Meantime the regiment performed much active service.  Company E, being a part of Gen. Pope's body-guard, was about the first troop to enter Corinth after its evacuation.  The regiment was soon in camp near by [sic], but did not remain inactive.  After the evacuation of Corinth, the cavalry was posted south of that place, in the vicinity of Booneville, as a cover for the Union army.  During the first half of June, it was constantly engaged in scouts, reconnoissances [sic] and skirmishes.  The 2d Iowa was then relieved from duty at the front, and moved to camp near Farmington, where for a fortnight the command enjoyed rest and blackberries.  It had been almost constantly engaged in active operations in the field for four months.  “We had saddled up,” says Sergeant Pierce, “nearly every morning at 3 o'clock, and much of the time we had slept at night in line of battle, each man holding his horse by the bridle.  Hardly a day during this time had passed without more or less skirmishing by the regiment with the rebels.”

But rest and blackberries were not long enjoyed.  In the latter part of June the bugle again called the command to the saddle, and on the 1st of July it was fighting the battle of Booneville.  This brilliant Union victory, gained by Col. Sheridan, in command of a brigade consisting of the 2d Iowa and 2d Michigan regiments of cavalry, is described by L. D. Ingersoll, in his “History of Iowa in the Rebellion,” in the following language:  "Col. Sheridan in the latter part of June moved to Booneville with his command, for the purpose of covering the main army, twenty miles in rear, and of observing the rebels who were near by [sic] and bent on mischief.  On the 1st of July he was attacked by a rebel force of nine regiments, numbering nearly 5,000 men, under the command of Chalmers.  After skirmishing for some time, Sheridan fell back toward his camp, advantageously situated on the edge of a swamp, where he could not readily be flanked.  Here the 2d Michigan dismounted, and acting as riflemen on the center, the 2d Iowa on the wings harassing and galling the enemy's flanks, he held the rebels at bay for some time.  Finding that they were likely to surround him, Sheridan had recourse to to [sic] that ready strategy and fine audacity which has since placed him among the first captains of modern history.  He sent a detachment of the 2d Cavalry, numbering less than 100 men, around to the rear of the enemy by a detour of several miles, with orders to attack promptly and vigorously at a certain time, while he would make a similtaneous [sic] charge in front.  The plan succeeded admirably.  The detachment gained the enemy's rear, without having been seen till the men were near enough to fire their carbines, and, having emptied these, they dashed with drawn sabres upon the enemy, who, supposing them to be the advance guard of a large force, were thrown into disorder.  Before they had time to recover from their confusion and dismay, Sheridan charged them in front with such fury that they fled from the field in utter rout, leaving many dead and wounded in our hands.  They retreated twenty miles, throwing away arms, knapsacks, coats, and everything which could impede their flight before our pursuing riders.  This brilliant affair made Phil Sheridan a brigadier-general.  He had whipped, and badly whipped, nearly 5,000 men with only about 800, for this was the strength of his command at this time.

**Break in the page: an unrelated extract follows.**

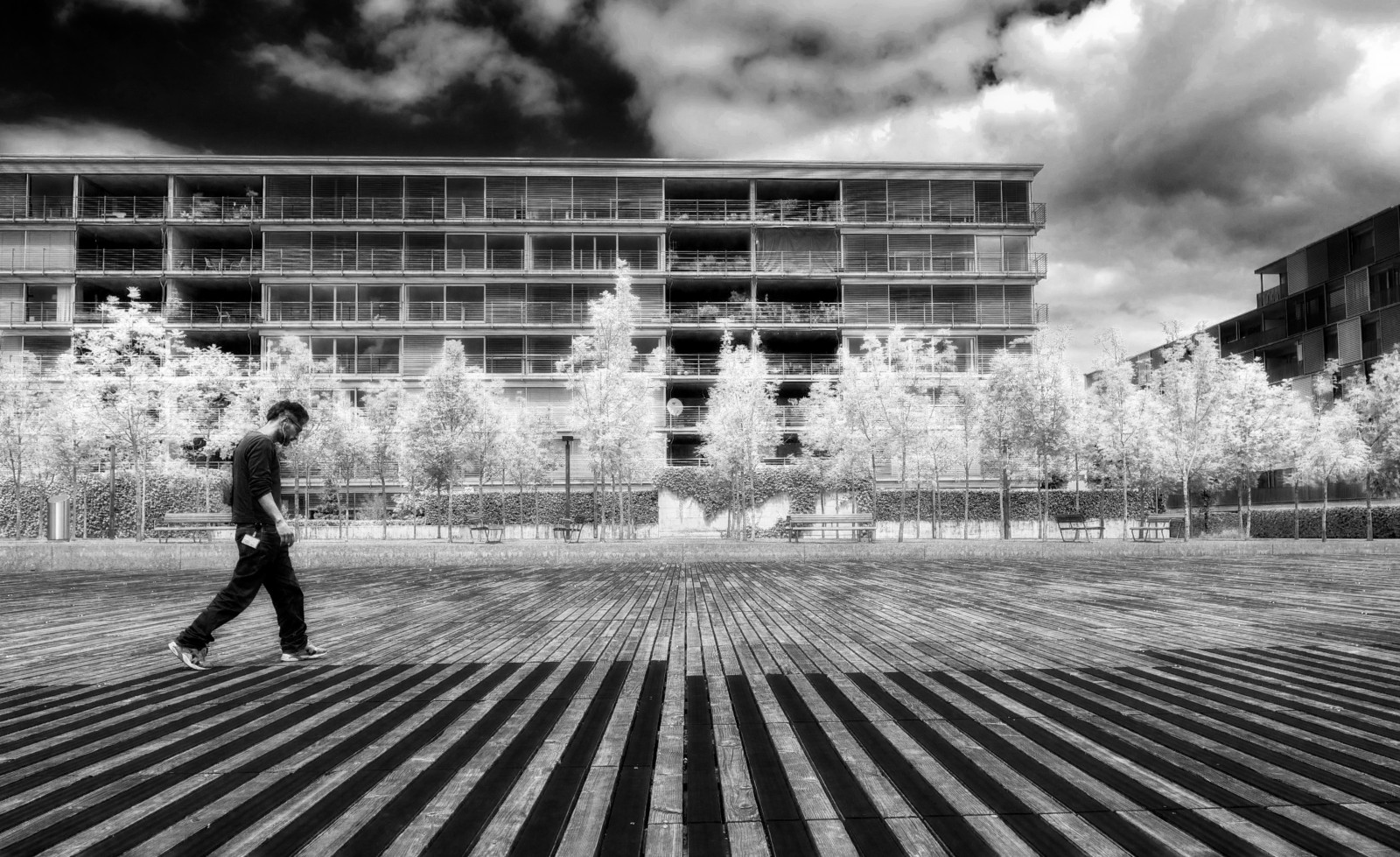 ถนน, streetphotography, ตรงไปตรงมา, ซูริค, สวิตเซอร์แลนด์, ศิลปะ, วิจิตรศิลป์, กรอง, infrarot, Olympus, zuiko12mm, คน, สถาปัตยกรรม, เส้น, เรขาคณิต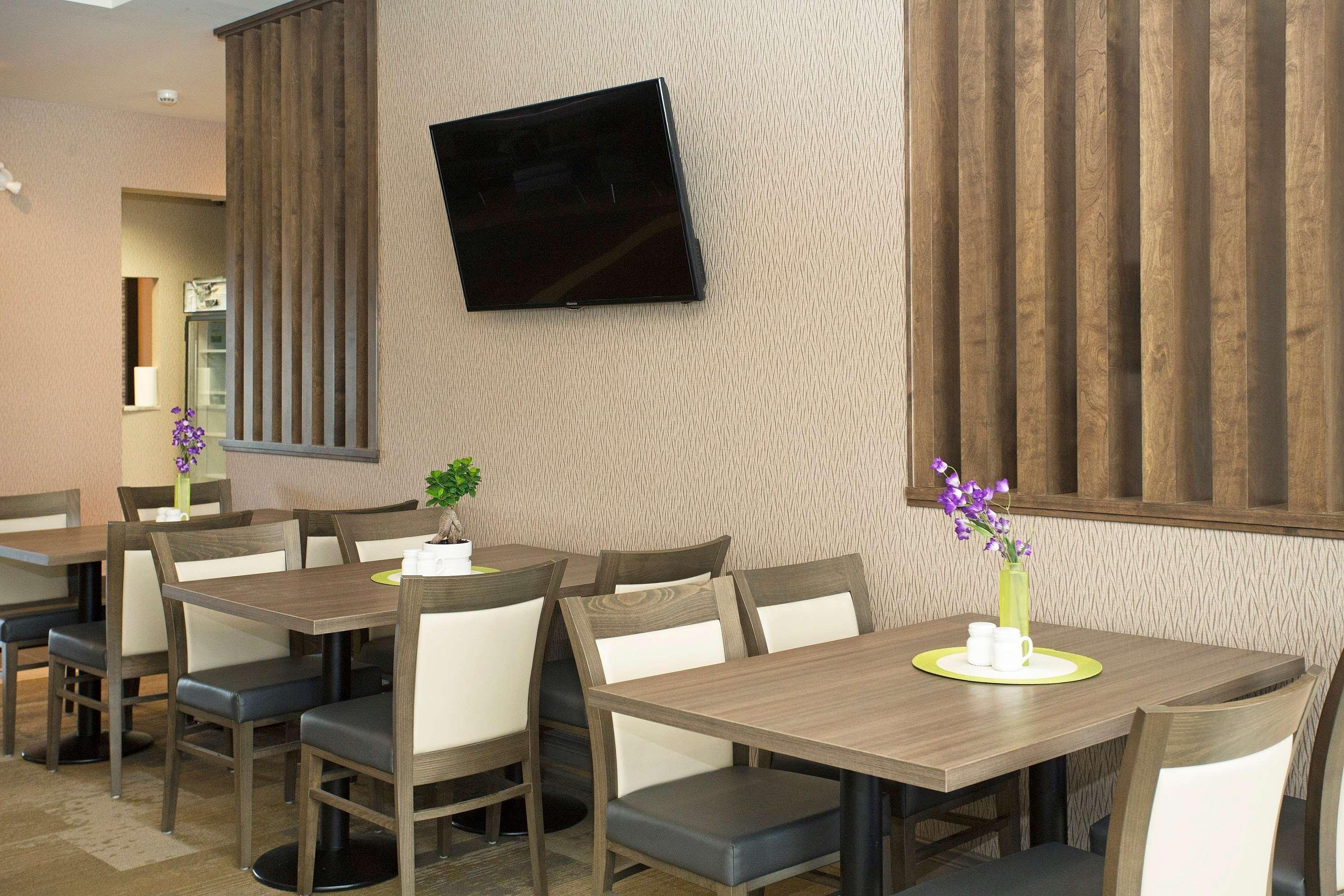 Wingate By Wyndham Calgary Airport Otel Dış mekan fotoğraf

“Col. Hatch, for he had been commissioned colonel two days before the fight, here fought splendidly.  It would have been quite impossible for Sheridan to have won the battle without the most hearty and skillful co-operation on the part of Hatch and his command.  The regiment never behaved better.  Col. Hatch speaks in high terms of the conduct of the regiment, and makes special mention of the gallantry of Captains Gilbert and Queal.  The loss of the regiment, considering the character of the engagement, was remarkably small, being only twenty-two killed, wounded and missing.”

After the pursuit of the enemy, the regiment returned to Booneville, and there remained a few days, when it moved to Rienzi, about half way between Booneville and Corinth, arriving on the 9th of July.  Here the regiment camped for nearly two months, during the most of which period it was inactive.  In the latter part of the month Col. Hatch made a reconnoissance [sic] to Ripley, but finding no enemy, returned after marching sixty-five miles.  About one month later the quiet of the camp was suddenly broken by an attack on the part of the rebel Faulkner, with some 2,500 troopers.  The attack was so suddenly made that it came near being a surprise.  Col. Hatch was sitting on court-martial at Rienzi.  Adjourning the court he hastened to the camp, and soon was in pursuit of Faulkner, who was driven off quite as rapidly as he had come up.  Hatch pursued him on the gallop for many miles, overtaking him two or three times, and inflicting much damage, and at last putting him in utter rout, with a loss of a number of prisoners and a large quantity of arms and ammunition.  In the affair the 2d Iowa lost six men wounded and four horses killed.  Four men were also lost from fatigue and heat.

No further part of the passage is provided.